Insects are cold-blooded, meaning they don't need as much energy inputs to keep them warm, the way livestock do. Moreover, they require significantly less feed. For example, crickets require half as much feed as chickens, four times less feed than sheep, and twelve times less than cows for the same protein yield. This means costs to the farmer are significantly lower.
A lower financial barrier to entry makes insect farming an ideal business for rural populations of lower socio-economic standing, who perhaps don't have the opportunities to start a traditional farm. In 2017, several rural Kenyan women took up cricket farming as a way to generate a stable source of income for their families, turning the insects into flour and making baked goods.
Eating insects could provide several health benefits. They are a fantastic source of minerals, such as magnesium, zinc, and iron. Consuming just 2 silkmoth larvae contain 10-times more protein than 100g of beef.
Certain species, like black soldier fly larvae, are complete proteins, meaning they contain all the essential amino acids. Furthermore, insects contain far less fat and calories per gram of protein than animal protein does.
Despite its many benefits, the industry still faces challenges. The main obstacle is consumer perception of dislike, disgust, or fear of insects. Pioneers of insect proteins production will need to influence a major shift in public opinion if they are to break through to the masses in the developed world.
Notwithstanding, the global market value of the industry was valued at $406 million in 2018, and is predicted to balloon to $1.18 billion by 2023. Surprisingly perhaps, the North American market specifically is predicted to grow 28%, the most out of any other region.
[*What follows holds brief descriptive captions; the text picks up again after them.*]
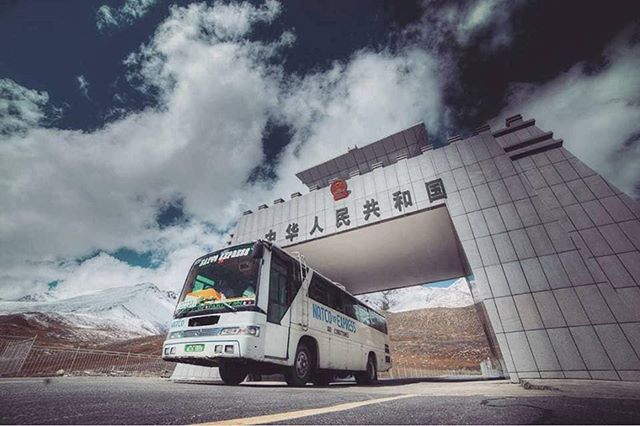 Khunjerav's tweet photo. A bus of Northern Areas Transport Co. (#NATCO) entering Pakistan via Khunjerav Pass.
Photo: Akber
#khunjeravborder
#Khunjrav_Pass #khunjerav
#China
#Pakistan #border #cpec #gojalvalley #hunza #pakistantourism #pakiatan https://t.co/tYjBmYVvrS https://t.co/V4PB5U59XY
A few startups have emerged centred on insect farming. US-based Exo, a cricket protein bar, raised a $4 million investment round. Along a similar vein, Entocycle in the UK has so far raised an $11 million series A to develop and scale their concept - feeding food waste to black soldier fly larvae, and using insect proteins as pet food, frass, or livestock feed.
Consuming insect proteins has been a way of life for thousands of years, and is still very popular in certain areas of the developing world. In recent years, edible insects have received increasing attention as a potential way to provide our growing global population with high-quality protein.
Boasting sustainability, economic, and health benefits, as well as a growing market value, the edible insect industry seems an avenue worth pursuing. However, entrepreneurs in this space have an uphill battle ahead of them to change consumer sentiment around insects. But if that can be achieved, insect proteins could well be on all our menus soon.